In the USA there has become a great focus on short-term results, with a resulting unwillingness to invest in longer-term results. Businesses want to optimize the next quarterly report; too much research erodes reportable profits. The Federal govenment wants to reduce spending that doesn't offer someone a direct payoff (practical or political), so publically funded deep research gets cut. (Applied research is still pretty well funded, especially if it's a military application.)
Take the Supercollider. As the number of states being considered for its site decreased, so did the amount of support it got in Congress. The ratio of cost to "political profit" was too high.

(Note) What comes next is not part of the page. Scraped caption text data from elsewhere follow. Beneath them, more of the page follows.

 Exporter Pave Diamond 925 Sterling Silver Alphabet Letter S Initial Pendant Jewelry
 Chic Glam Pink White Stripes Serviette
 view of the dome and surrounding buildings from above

> A quote from Asimov on the subject: "The most exciting phrase to hear in science, the one that heralds the most discoveries, is not Eureka! (I found it!) but 'That's funny...'"
That's funny...
> We should add the discovery of Intelligent Design as the biggest accident in the history of science.

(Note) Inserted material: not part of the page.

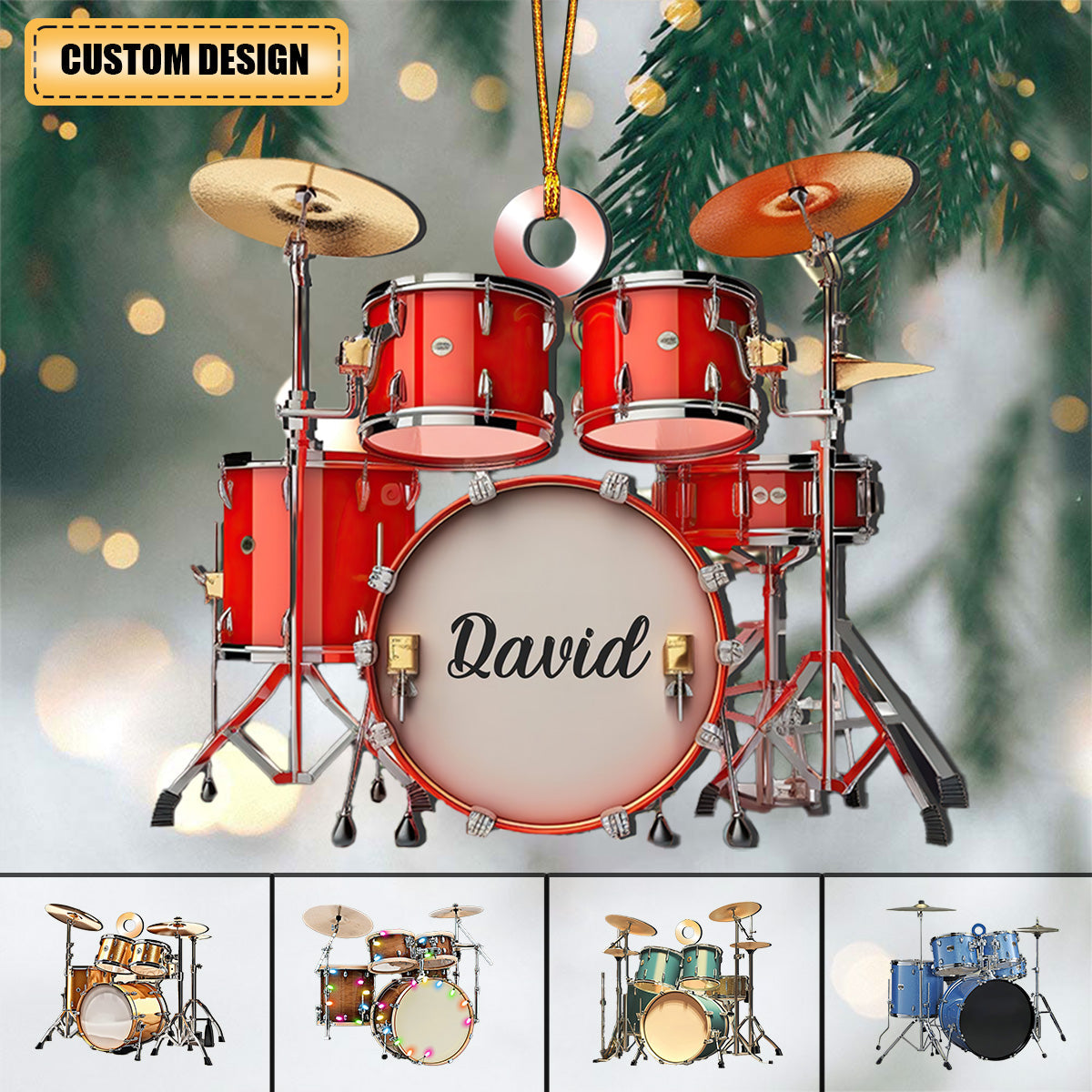 Personalized Drum Set Christmas Ornament Gift For Drummer Player - New Release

It's hardly a discovery when you make up a bunch of bullshit to rationalize an a priori belief.
Nice troll though, if a bit dated.
> The experiment was therefore a success. It was interpreted correctly, and an appropriate conclusion was drawn from it. Einstein had nothing whatsoever to do with it.
However, if I'm not mistaken, the result of the experiment set up a problem which Einstein solved by the introduction of general relativity.
> The girls just don't seem to realise that it can be fun to sit down and scratch an itch once in a while.
A Google image search for amateur + vibrator suggests otherwise.
> You would get some mod points if I had them, alas, they expired yesterday. Very insightful post.
We need a plan to help people who don't have mod points!